**Problem details**
Once the line containing "19th Century oil" is found in the entries below, restate it and each following line word for word, stopping after the line containing "Employment Status by Age in Mount Plymouth".

Brief descriptive captions:
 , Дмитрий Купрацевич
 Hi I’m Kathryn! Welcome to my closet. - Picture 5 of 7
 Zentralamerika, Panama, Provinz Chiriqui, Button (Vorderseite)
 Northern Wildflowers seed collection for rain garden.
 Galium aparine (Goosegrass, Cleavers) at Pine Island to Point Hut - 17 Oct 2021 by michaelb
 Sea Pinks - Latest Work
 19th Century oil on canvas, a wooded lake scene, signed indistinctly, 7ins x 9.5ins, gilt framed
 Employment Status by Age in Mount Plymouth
---
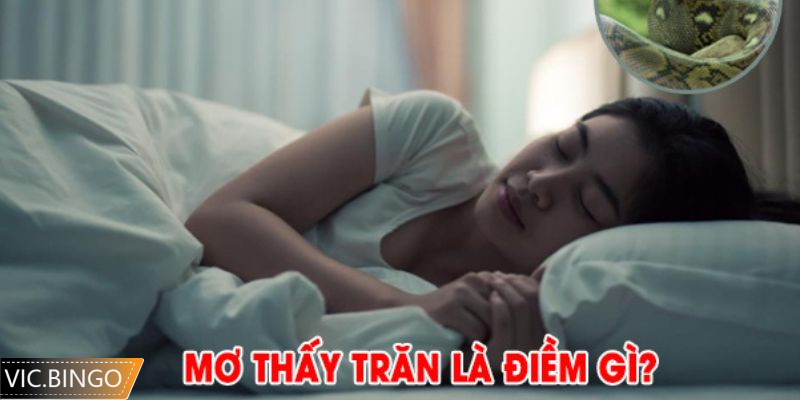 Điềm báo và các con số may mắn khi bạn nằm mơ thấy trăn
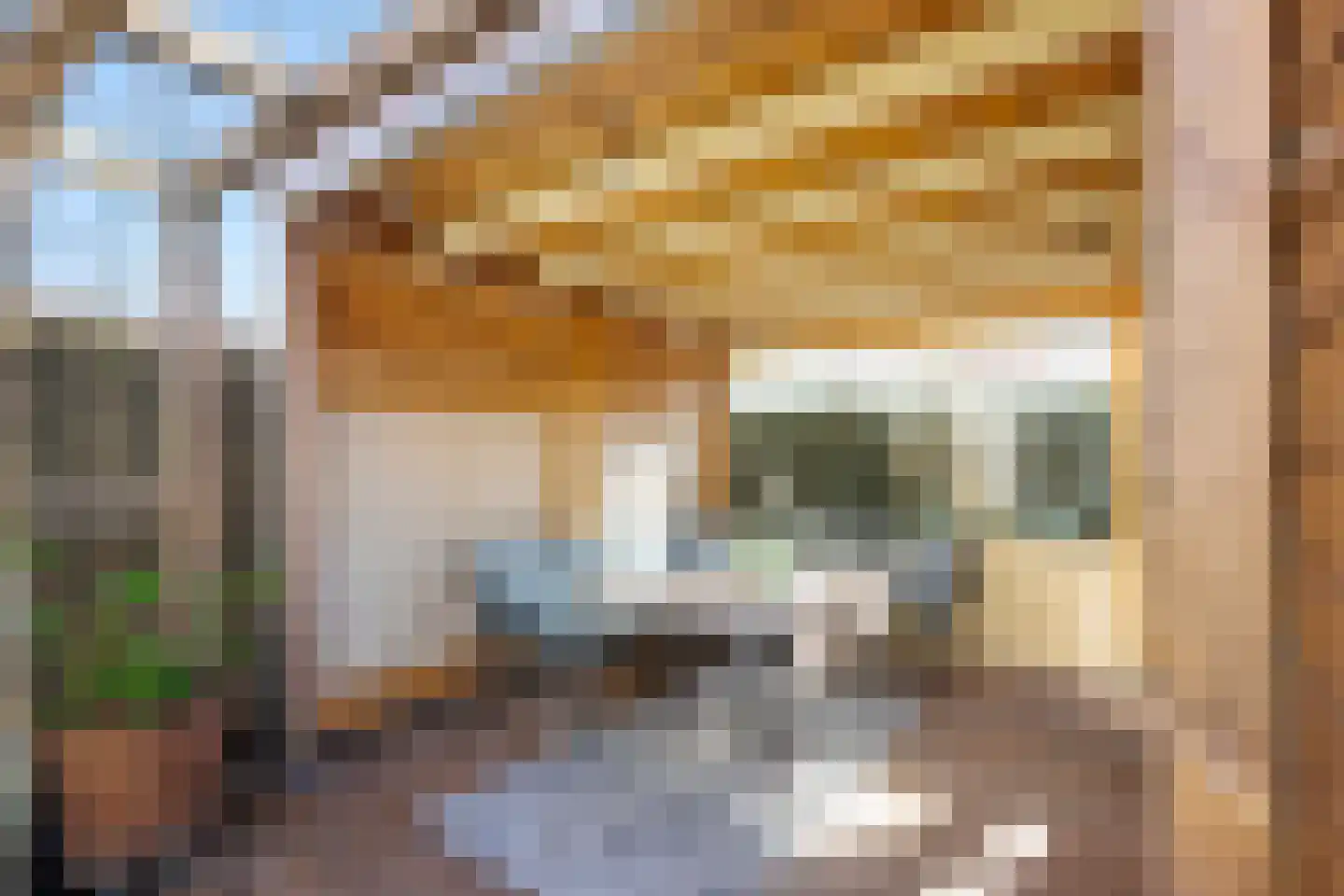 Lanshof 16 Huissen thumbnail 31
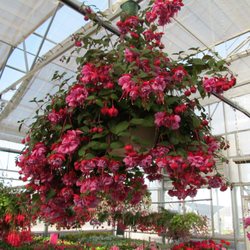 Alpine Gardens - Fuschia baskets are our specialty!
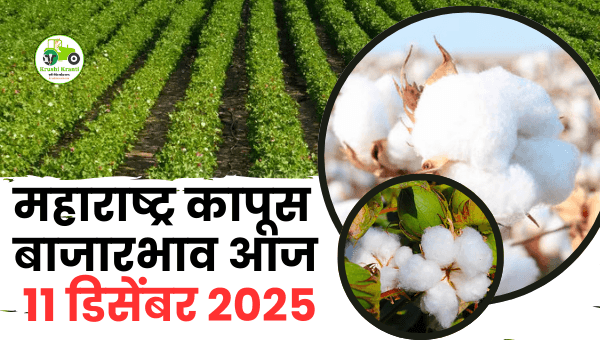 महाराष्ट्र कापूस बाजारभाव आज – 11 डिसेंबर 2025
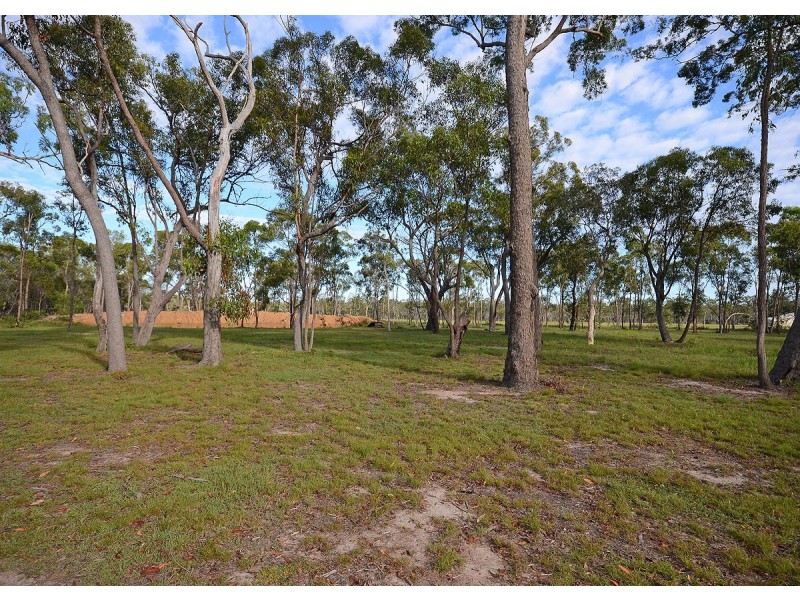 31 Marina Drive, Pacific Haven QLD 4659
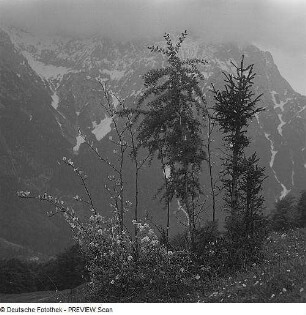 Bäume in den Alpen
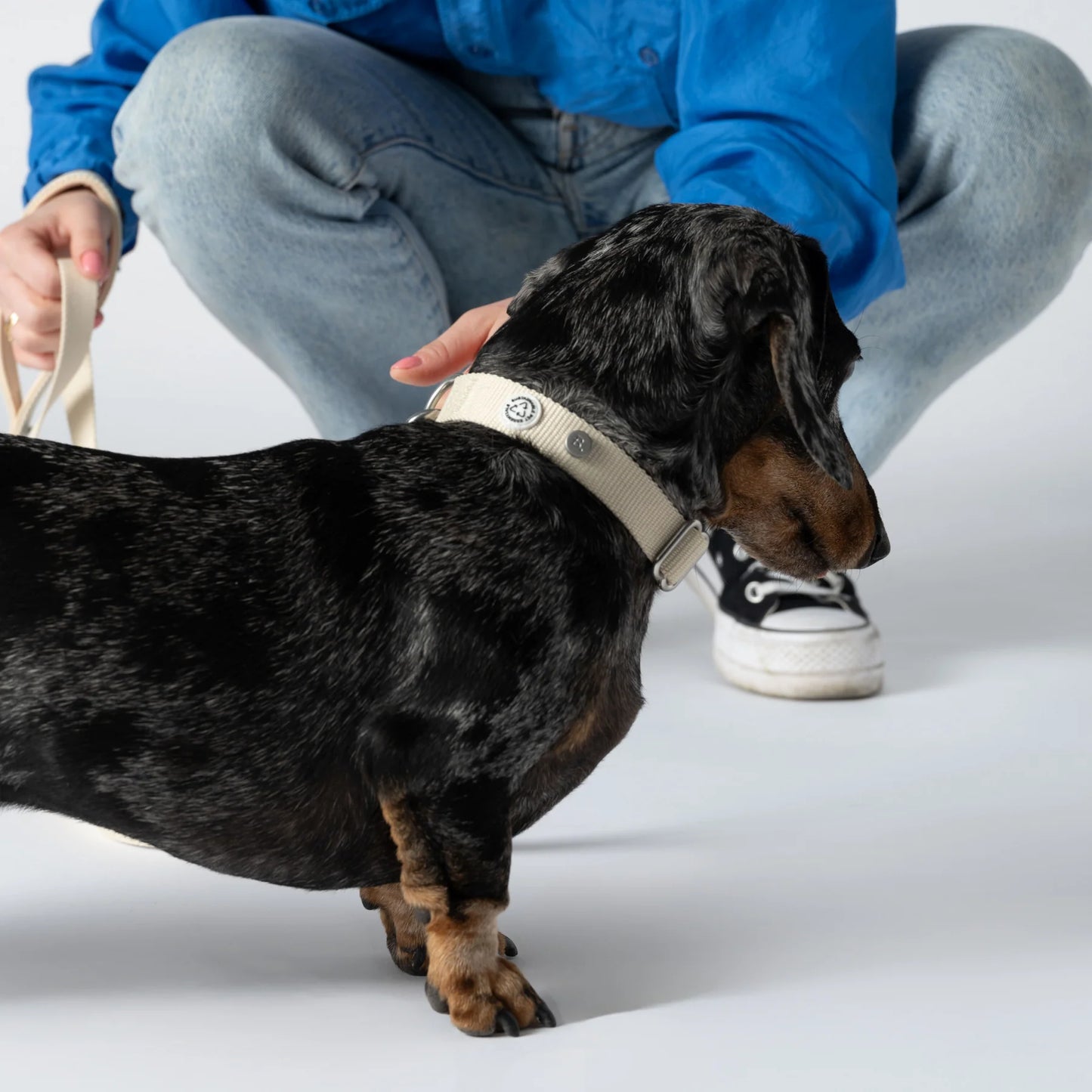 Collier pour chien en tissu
---
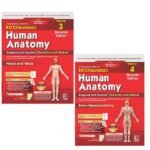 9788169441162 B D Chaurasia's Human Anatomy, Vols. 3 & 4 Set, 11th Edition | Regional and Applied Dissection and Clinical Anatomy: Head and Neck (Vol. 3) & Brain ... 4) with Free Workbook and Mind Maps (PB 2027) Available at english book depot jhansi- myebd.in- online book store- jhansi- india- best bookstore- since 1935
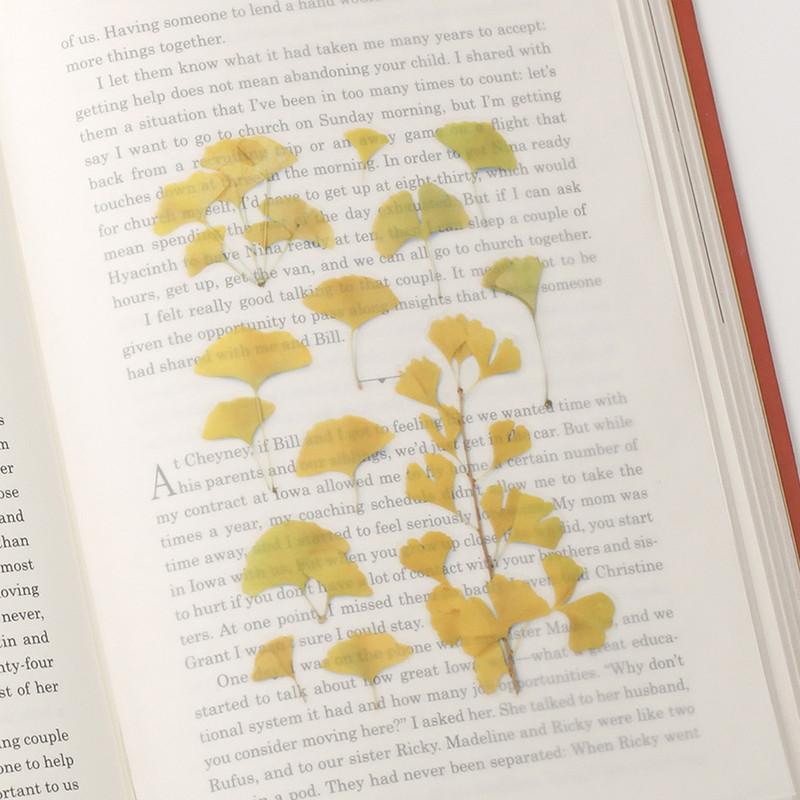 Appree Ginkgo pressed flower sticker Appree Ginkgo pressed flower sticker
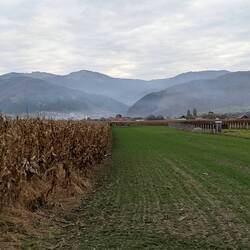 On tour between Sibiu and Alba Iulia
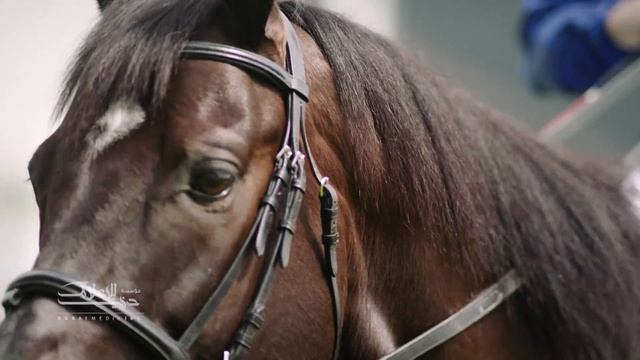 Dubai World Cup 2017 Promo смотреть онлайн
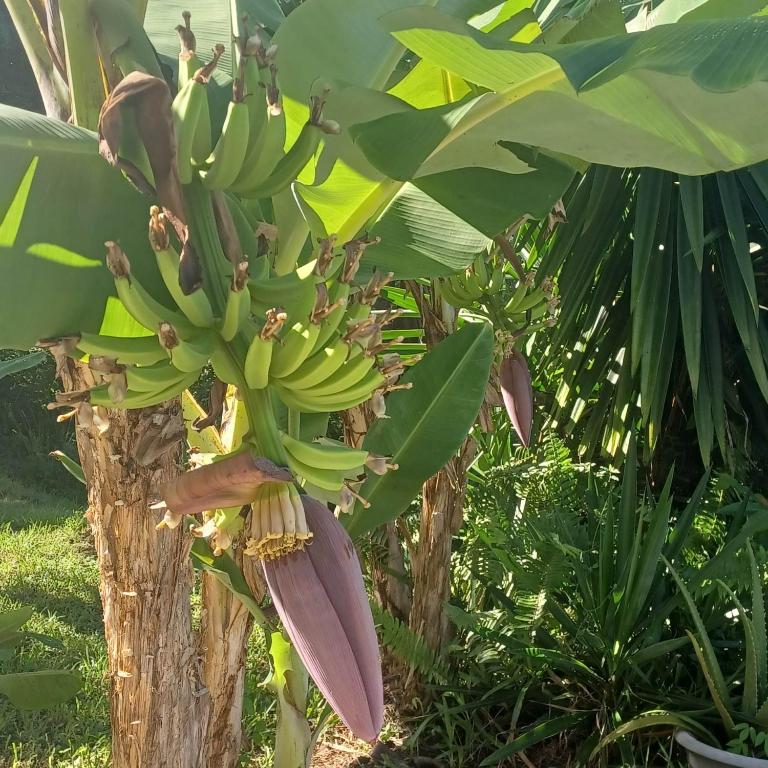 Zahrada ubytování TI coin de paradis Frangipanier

**Reply to the exercise**
 19th Century oil on canvas, a wooded lake scene, signed indistinctly, 7ins x 9.5ins, gilt framed
 Employment Status by Age in Mount Plymouth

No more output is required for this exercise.